元々中学生の頃にオタクと化した私は、電車男ブームの最中だったこともあり学年全体に知られるくらいには大っぴらにオタクをしており、!!!高校生になったらバイト代でコスプレデビューする!!!のが当時の夢!

第一志望の進学校にも無事に受かり高校生になるとすぐさまバイトを開始。
某Mアクドナルド(某の意味…)で、ブスながら必死に笑顔を振りまき、ポテトを揚げまくって得たお金を使って無事にコスプレイヤーデビュー!!!!

ベースはクソブスでも、メイクのテクニックとウィッグの造形と衣装の作り込みと写真加工技術には何処から湧き出たか分からない謎の自信があったので、コスプレイベントの会場をドヤ顔で闊歩。
「わー!○○(キャラ名)だ!」「すごい!」「写真撮りたい…!」
すれ違った人達の反応はたとえどんなに小声でも恐ろしい程の地獄耳で逃さずキャッチし悦に浸ってました。(※幻聴ではない)
イベントへ行くと頻繁に撮影を依頼され、ありがたいことにファンも付きました。イベント会場で差し入れを頂くこともしばしば…

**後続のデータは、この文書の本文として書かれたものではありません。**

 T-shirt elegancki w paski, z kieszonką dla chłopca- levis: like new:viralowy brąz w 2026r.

ここまで読むと、「あれ?クソブスじゃなかったっけ?」と思うことでしょう。
そうです、クソブスなのです。
その事実は揺るぎません。

コスプレ中の化粧はもはや特殊メイクレベルでした。
常にカラコン、つけまつげ3枚重ね、瞬きできないくらい頑丈&広めの幅で瞼をアイプチによって貼り付け、下膨れの頬肉を医療用のテーピングで上に吊り上げetc…
巧妙な手口でブスを隠蔽してました。

さらにコスプレ会場でちょっとした有名人気分が味わえたのはブス隠蔽技術に加え「時代」と「地方」というロジックが作用しています。(笑)
この話はかれこれ今から5年以上前のことであり、さらに舞台はド田舎なのです。
都会のイベントなら見向きもされないような顔面偏差値でも、レイヤーの絶対数自体が少ないド田舎のイベントなら衣装とウィッグを装備しただけで輝けたのです。(当時は既製衣装を着ただけの地毛レイヤーがそれはそれは多かった…)

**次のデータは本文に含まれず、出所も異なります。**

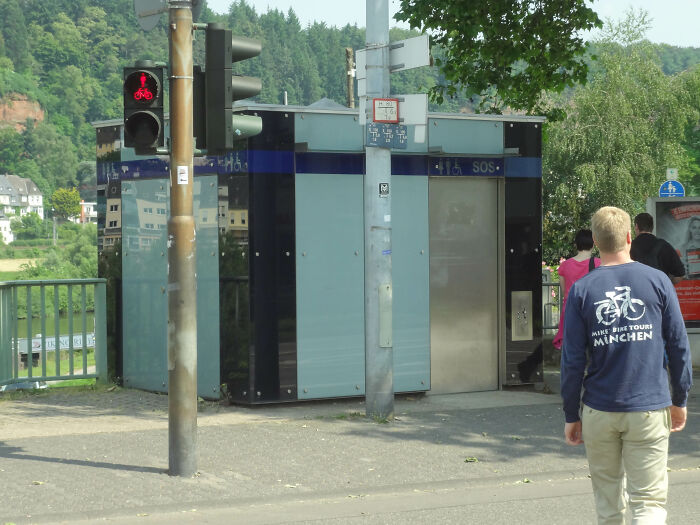 Americans Reveal Their 40 Most WTF Moments While Visiting Europe In This Viral Thread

すっぴんはブスだけど上手く隠せるし、隠した姿をかっこいい・かわいいと言ってくれる人たちが沢山いるからまあいっか!
わたしはコスプレに生きてました。コスプレ写真に映る自分の顔さえ何とかなっていれば日常の顔なんてどうでもよかった。

こんな環境下で勘違いだらけの自信を育みながら、貴重なJK3年間を消費。